Miliciano pede açúcar ou manda bala?”

Meu avô comprou nossa casa –ironia das ironias, a de número 17– quando a Barra da Tijuca era praticamente areia. O condomínio não tinha muros. Os carros dormiam destrancados. O sorveteiro vendia picolé fiado. Lembro que...

“Conta logo do vizinho traficante.”

Foi o episódio mais tosco do "CSI Minha Vida". Helicóptero sobrevoando nossa rua. Até aí, tranquilo. Por mais de 30 anos, reza a lenda que um ônibus vendia churros de cocaína numa praça ali perto e ninguém nem nada. O problema foi num sábado à noite, eu saindo do banho. Papai e meu então namorado no andar de baixo. Um deles grita: “Tá vestida? A polícia tá subindo!”.

Surgem, então, quatro agentes. O plano consistia em estourar o esconderijo do vizinho trafica, indo pelo nosso telhado. Barrigudo e suado, um dos policiais pede: “Segura aqui, garota!”. Era um fuzil AR-15. Eu de toalha na cabeça. “Vem, gente!” Pisando na colcha da cama, eles pulam a janela.

O barrigudo quase entala, atrapalhado nível Didi Mocó. Por um minuto, achei que esqueceriam o fuzil e levariam meu secador de cabelo.

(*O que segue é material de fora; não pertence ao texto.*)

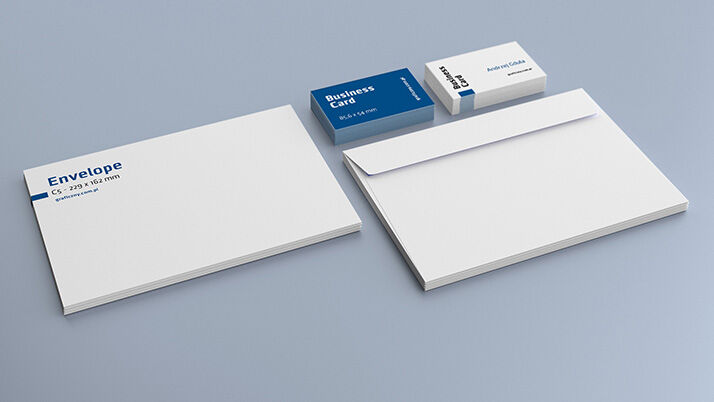 Five Mockups of Corporate Identity with Stationery Items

“E aí?” Vida bandida que segue: o meliante já tinha vazado. Anos depois, Marielle é morta e descobrem um dos acusados morando lá. O resto é coletiva em prancha de surfe, treta na portaria, “gripezinha”. E a nostalgia difícil da juventude e das rodadas de Jogo da Vida com alguns que, hoje, são contra máscara e lockdown.

Por sorte ainda gosto de Scrabble e Dicionário, mas encerro sem formar o nome ou definir aquela figura. Não preciso. Há poucos dias, manifestantes ergueram uma faixa na porta do condomínio. Dizendo com todas as letras: “O genocida mora aqui”.